Birds sing with them, eat with them, and fight with them: Long, needle-like projections that wrangle worms from the muck, sharp hooks that rip carrion to shreds, or sacks that gulp water and fish. Across the globe, bird bills vary widely in shape, color, and purpose. But while scientists have developed theories on how the vast diversity of beaks evolved, they never had the tools or fossil specimens needed to truly piece together the history of the bird beak.
Now, thanks to an army of citizen scientists and thousands of digitized beaks, researchers are finally beginning to map out the evolution of bills over millions of years—and the results so far have been surprising. Published this week in Nature, a new study out of the University of Sheffield shows two separate waves of bill evolution: an early bang around 65 million years ago, followed by methodical refining since then.
While scientists have long speculated about how the variety of beaks evolved, until now, there was really no way to test hypotheses due to a lackluster fossil record and old technology. For multiple reasons, the fossil record for bird beaks is “awful,” says Jen Bright, an author on the study and a paleobiologist at the University of Sheffield and the University of South Florida. Few small species, like birds, are preserved over time as fossils. Even fewer bird fossils have skulls. And any preserved bird skulls rarely have beaks; keratin, the outer sheath of beaks, doesn’t tend to fossilize in the first place.
Because of these problems, the researchers instead turned to modern bird specimens housed at two natural history museums in the United Kingdom: the Natural History Museum in Tring and the Manchester Museum. Over two years, they used 3D-scanning technology to create digital versions of the collections. Crucially, the digital scans let them examine the bills’ curvature and other three-dimensional features besides their width, length, or height. “The way people measured beaks in the past wasn’t really complete,” Bright says.

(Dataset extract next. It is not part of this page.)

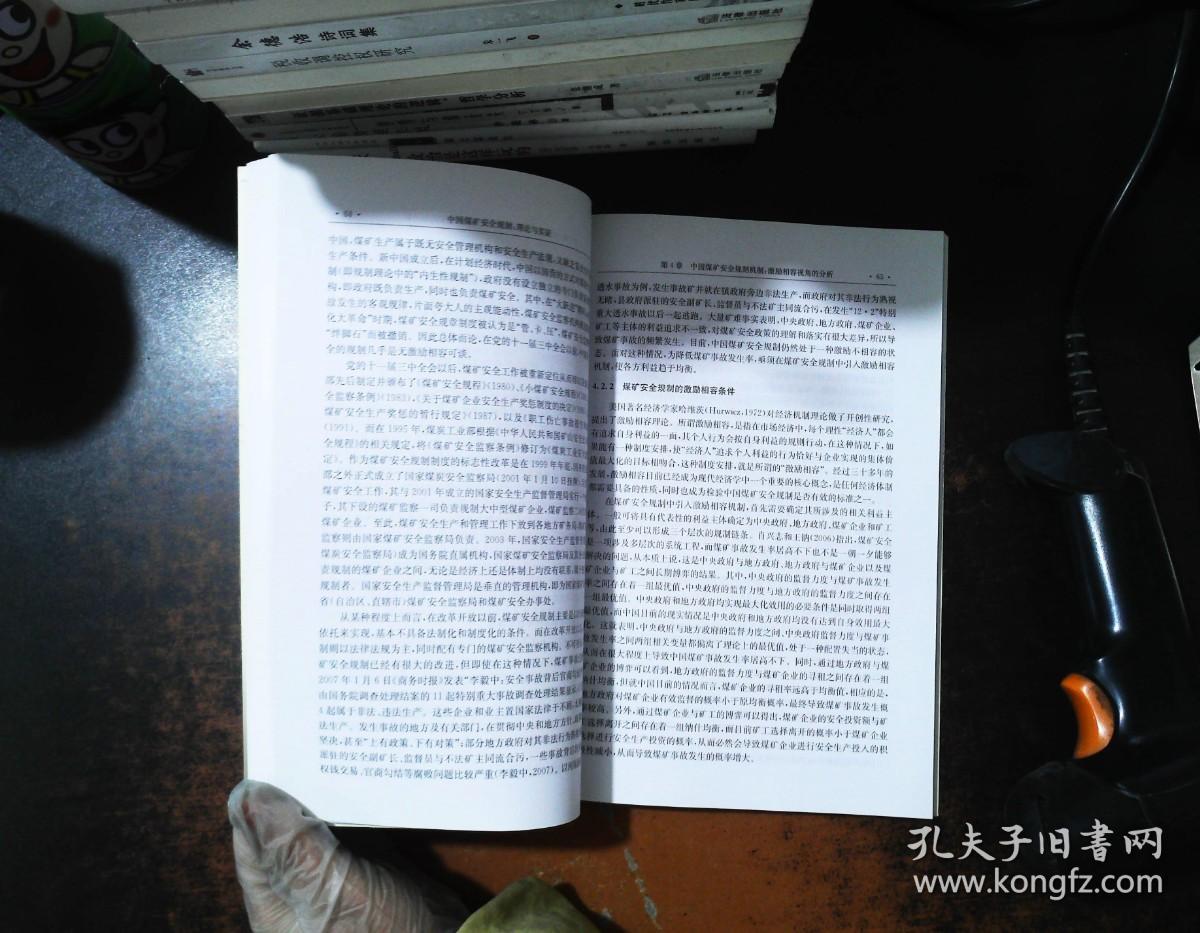 中国煤矿安全规制：理论与实证【扉页有章有字】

After creating the scans, the researchers sat down to mark the major points, or landmarks, on the beaks, which helped them identify similarities and differences among the specimens. Using a computer, they began marking the tip of the bill, places where the beak meets the bird's face, and its curvature, among other landmarks. But it didn't take long before they realized how much elbow grease would be required. “We did some back-of-the-envelope calculations and realized there’s no way we can do this on our own,” Bright says.
So the researchers decided to make a call to the public by creating a citizen science website, Mark My Bird, to use outside help in marking their massive database. On average, three people marked each beak, enough people to avoid major errors. Bright says the biggest contribution came from a group of super users, one of which marked the bills of 1,400 species. The researchers then mapped the beaks onto several different bird phylogenies, or family trees, to trace when new shapes first appeared and how they changed.
They found that many modern bird beaks first evolved like a fireworks display, Bright says. Out of nowhere, a few bird species evolved into many—as if they “shot off and popped at the end,” she says—creating branches and twigs of the phylogenetic tree. It was a time of intense variety and evolutionary innovation, when new familial groups of birds popped into existence and novel bill types appeared with them.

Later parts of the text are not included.